Indeed, the boy was crowned in Paris on 16th December 1431 to popular acclaim in Paris but much disgust that the English form of coronation was used rather than the French form. Unfortunately most of the rest of France wanted the dauphin, the son of Charles VI, to rule. The future Charles VII had luck on his side in the form of Joan of Arc; the death of the Duke of Bedford’s wife (Anne of Burgundy) resulted in the Duke of Burgundy changing sides; the death of the Duke of Bedford and faction politics back in England. It probably also helped Charles that Henry VI loathed bloodshed and felt that it was his Christian duty to make peace. This duly occurred in 1445 when Henry married Margaret of Anjou and handed back huge tracts of land to the French.

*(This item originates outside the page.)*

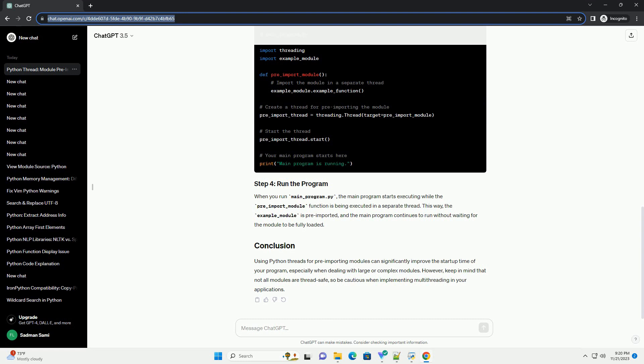Pre-importing modules involves loading these modules in advance, allowing your program to start faster when the modules are needed. To demonstrate pre-importing modules with Python threads, we'll use the threading module, which provides a way to create and manage threads. Here's a step-by-step guide with a code example.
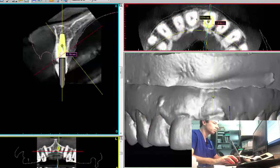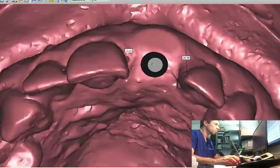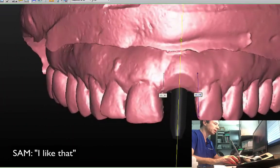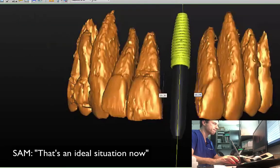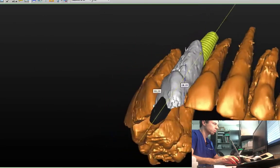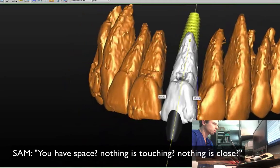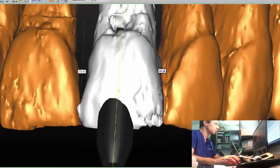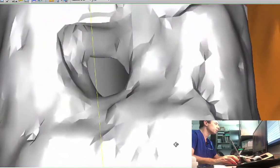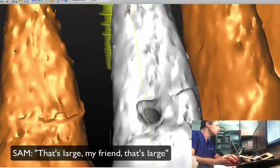What do you think? Let me look at this. Can you make the image bigger? Probably not. No, I like it. You like that? Yeah. That's an ideal situation now. Look — you have no roots, you have space, nothing is touching, nothing is close enough. You see this hole in the tooth? It's pretty impressive — you can look through it. You can see the future.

The Duke of Gloucester was furious but his fall from power was just round the corner. His wife Eleanor was found guilty of witchcraft. Ultimately Gloucester would be accused of treason and then found dead in his bed a couple of days later. It wasn’t long before people were whispering that ‘Good Duke Humphrey’ had been murdered and that the queen had somehow been involved.

Henry, who had no mistresses and had an abhorrence of nudity in both men and women, was unlucky in his queen. He thought she was one of the wisest people that he knew but his people never came to love her. She was French and her marriage, without much in the way of dowry, had cost them hard won lands in France. In later years she headed south with a band of ferocious northerners at her back, something that London never forgave her for.

Money, which had flowed readily enough when the English were winning the Hundred Years War, became a problem the older Henry got. It wasn’t helped that when he achieved his majority he gave away approximately two hundred manors and insisted on spending £2,000 on endowing his colleges at Eton and Cambridge. Before long the crown was in debt to the tune of £400,000.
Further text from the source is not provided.